Becker was one of the people who had been with Soto on the day of the shooting, but she said the firm never asked her or the others to sign a declaration and she didn’t know that doing so was standard practice.
Soto and his family might have had to accept the quick denial of the petition had they not crossed paths with a volunteer working to exonerate the other man convicted in the 2003 shooting of a teenager.
The volunteer, Jessica Jacobs Dirschel, had pored through the police file and court record and concluded the other man, Jofama Coleman, was innocent. She reached out to the Soto family, learned he too maintained his innocence and eventually got a copy of the habeas petition Spolin had prepared.
“I was appalled,” recalled Dirschel, who described it as “amateur” and “shoddy.” In addition to the lack of witness declarations, she said, there was no indication that Spolin’s firm had obtained discovery from prosecutors, the trial transcripts the Coleman case or the police evidence, known as the murder book. “No investigation, no research.”
Dirschel and Ellen J. Eggers, a retired state public defender who works on exoneration cases, coached Becker and Soto on how to demand their money back, including by pressing Spolin about the information he had actually used in preparing the habeas.
“I am requesting a 100% full and immediate refund of the money my family paid your firm after being lured into an agreement with you that was based on aggressive advertising and/or false claims,” Soto wrote in a letter to Spolin, according to a copy shared with The Times. “It is not right what you are doing to desperate inmates and I hope you chose to do right by me by issuing a check for the full amount paid to you promptly.”
Spolin’s firm eventually returned most of the Sotos’ money, according to Becker.
Spolin declined to discuss Soto’s case in detail, but denied that returning the money was an admission of wrongdoing.
“We gave it back because we did not want to trouble with these people who clearly seemed troublesome,” he said.
Soto’s new legal team, led by Eggers, recently met with the L.A. district attorney’s office to present new evidence.

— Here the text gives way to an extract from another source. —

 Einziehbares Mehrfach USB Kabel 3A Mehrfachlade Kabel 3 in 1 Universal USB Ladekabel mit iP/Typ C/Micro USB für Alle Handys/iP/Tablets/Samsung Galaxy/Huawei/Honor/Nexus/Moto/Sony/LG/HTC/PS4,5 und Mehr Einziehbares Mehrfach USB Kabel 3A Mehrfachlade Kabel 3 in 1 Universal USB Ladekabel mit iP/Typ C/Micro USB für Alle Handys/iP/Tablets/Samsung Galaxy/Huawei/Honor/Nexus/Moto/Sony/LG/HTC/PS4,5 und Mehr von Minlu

“They were extremely interested in it,” said Eggers, who has previously worked with the Northern California Innocence Project to exonerate three men. She said the exculpatory evidence includes a recorded interview with a key witness, just the sort of information a diligent habeas attorney would have turned up.
“It is especially egregious to think of an innocent guy getting screwed over,” Eggers said of what she sees as Spolin’s failures in Soto’s case. “But I hate the guilty guys getting screwed over too… They also deserve fair representation and competent counsel.”